In this insight we explore the most recent changes in seaborne exports of the top three global crude producers.

By Jay Maroo

Crude/condensate exports from the “Big-3” producers (Saudi Arabia, US and Russia) fell in December, led by a sharp drop in Russian-origin exports. A decline in December of key seaborne exports, particularly in the case of discounted Russian crude could be seen as bullish, but this is countered by lingering concerns over weak demand as we head into the new year.

Big-3 crude/condensate exports stood at just below 13mbd in December, marking an almost 500kbd m-o-m drop.

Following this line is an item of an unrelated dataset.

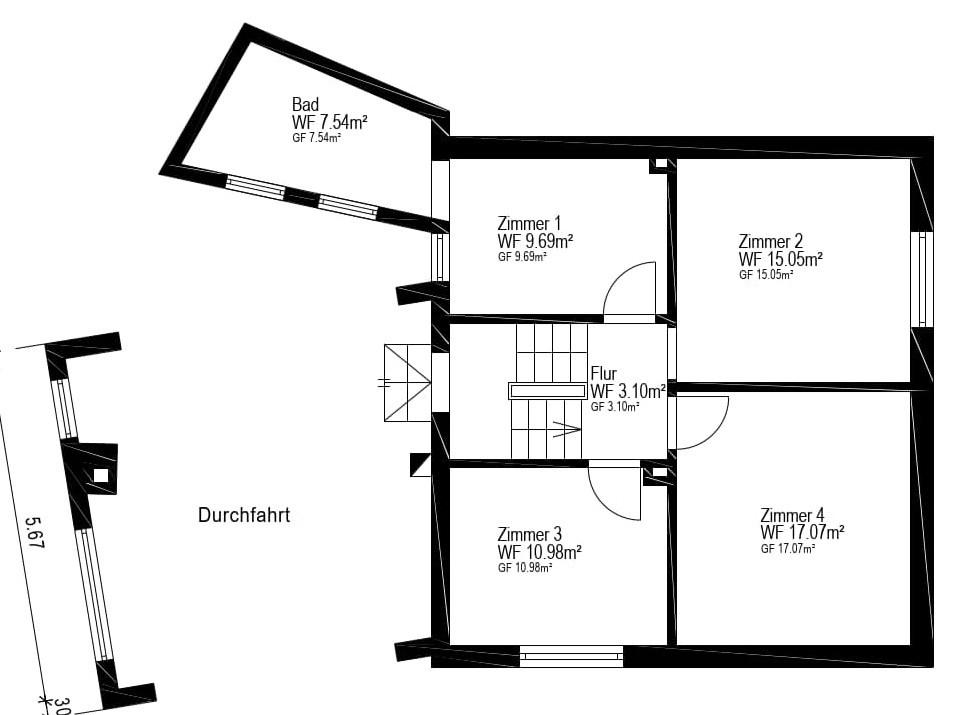 Grundriss EG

Of the 500kbd decline, around 300kbd was due to lower exports from Russia, with the remaining 200kbd drop split roughly equally between Saudi Arabia and the US.

The decline in Russian-origin crude exports (i.e. excluding CPC Blend and KEBCO) is only partly driven by seasonality factors such as higher refinery runs and products exports, post-maintenance season. Vortexa data shows an unusually low volume of Russian crude exports from Baltic ports at 3mbd, down by almost 400kbd m-o-m. Russian Black Sea exports were also lower (100kbd m-o-m) but this was offset by higher loadings from Russia Far East of ESPO/Sokol/Sakhalin grades. Vortexa fleet distribution data shows rising counts of ballast tankers located within Russian Baltic waters during late December, possibly indicative of loading cancellations or rescheduling, but that phenomenon has somewhat faded in recent days.

Meanwhile, US exports fell to 3.8mbd in December, even though an anticipated rise in (tax-related) destocking activity would have supported exports towards the end of the year. Lower export volumes were likely a function of US refiners raising utilisation rates in recent weeks (EIA data).

Finally Saudi Arabia’s exports held just above 6mbd in December, reiterating its position to moderate supplies for the global market. The most noteworthy change in Saudi exports at the end of 2025 was a sharp (more than 200kbd) reduction in Yanbu crude exports – typically pointed to the European market. This fits with the latest developments in Saudi OSPs rising much higher on a monthly basis for European rather than Asian buyers.

Looking ahead to the rest of the year, Saudi Arabia along with its fellow OPEC members will need to maintain discipline in its policy of moderating supply into the market. This is even after taking into consideration lower crude exports from Russian and other OPEC+ producers due to natural production decline. Over the course of this year, non-OPEC+ supplies (e.g. Brazil, Guyana, Norway…) are likely to grow, and therefore cap opportunities of more OPEC+ supply, especially in a subdued oil demand environment.